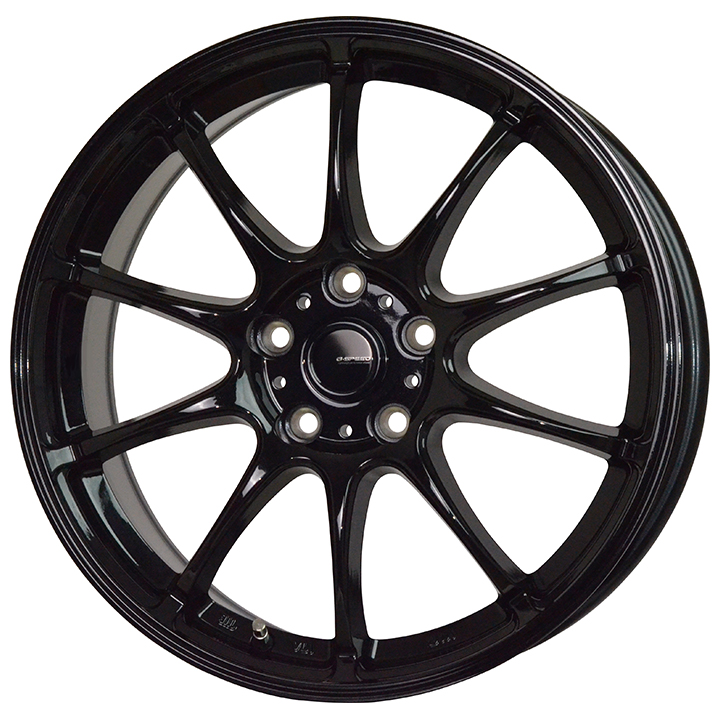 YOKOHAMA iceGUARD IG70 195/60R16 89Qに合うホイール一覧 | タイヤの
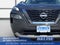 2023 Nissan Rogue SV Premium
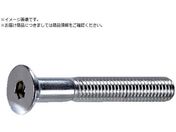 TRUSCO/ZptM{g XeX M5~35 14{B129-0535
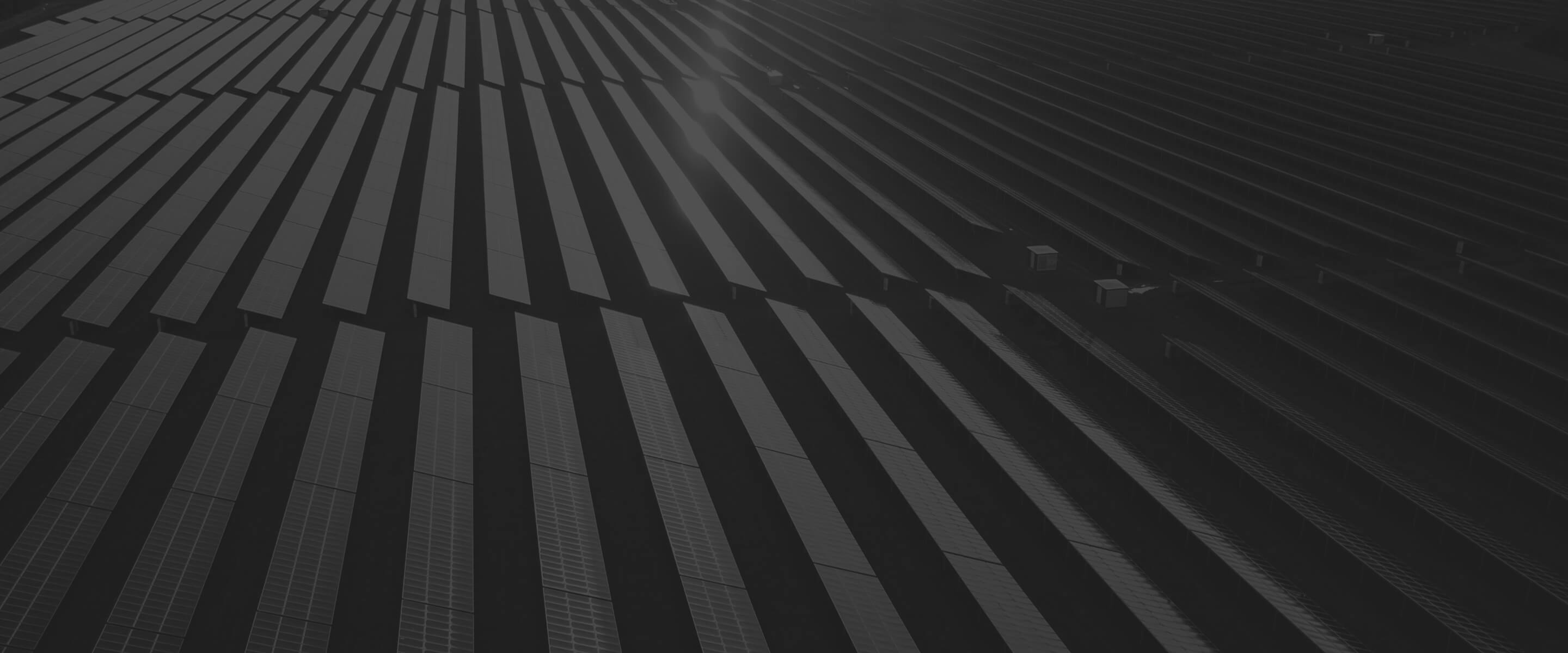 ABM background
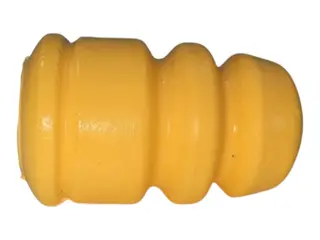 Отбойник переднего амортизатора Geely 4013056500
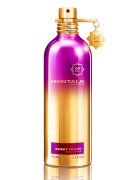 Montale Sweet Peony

* * *

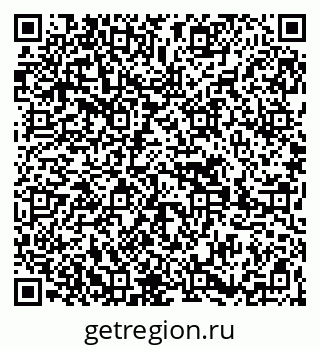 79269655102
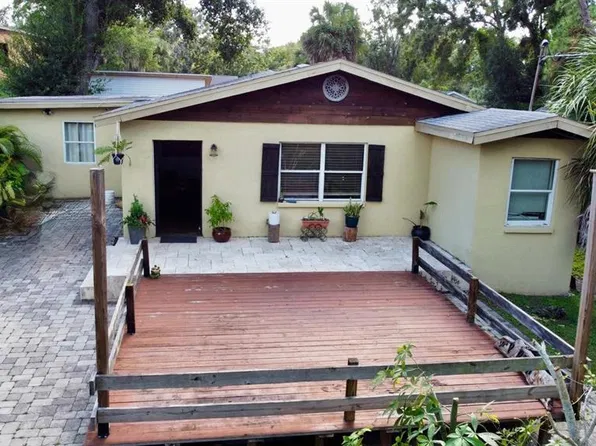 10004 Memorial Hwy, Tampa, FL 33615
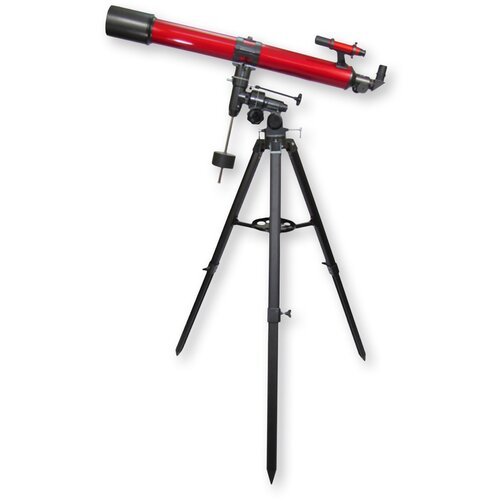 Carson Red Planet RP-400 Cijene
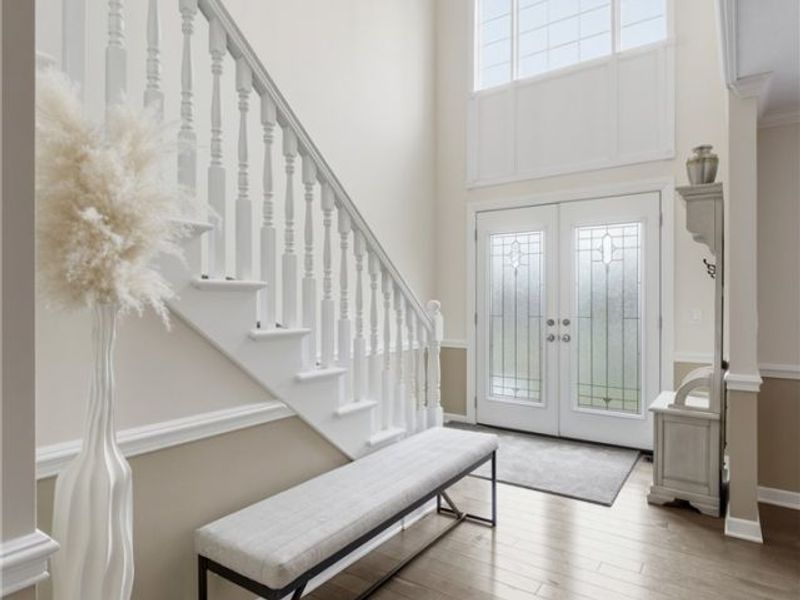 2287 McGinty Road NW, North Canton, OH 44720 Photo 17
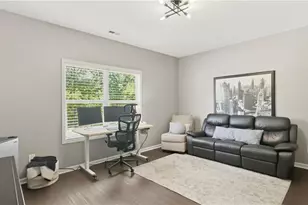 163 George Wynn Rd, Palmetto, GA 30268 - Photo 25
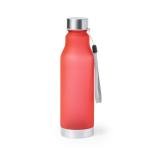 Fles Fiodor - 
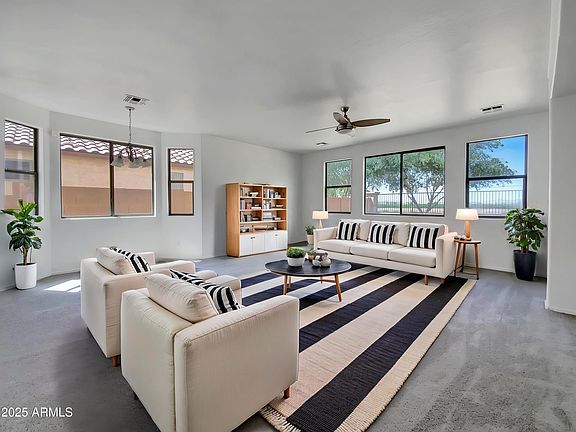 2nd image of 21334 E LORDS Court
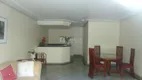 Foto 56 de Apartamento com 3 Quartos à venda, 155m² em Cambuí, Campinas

• **EXERCISE REQUIREMENTS**:
Output exactly, and only, the lines of the entries above from the one with "Отбойник переднего амортизатора" up to and including the one with "Montale Sweet Peony"; pictures are to be left out.

• **COMPLETED TASK**:
 Отбойник переднего амортизатора Geely 4013056500
 Montale Sweet Peony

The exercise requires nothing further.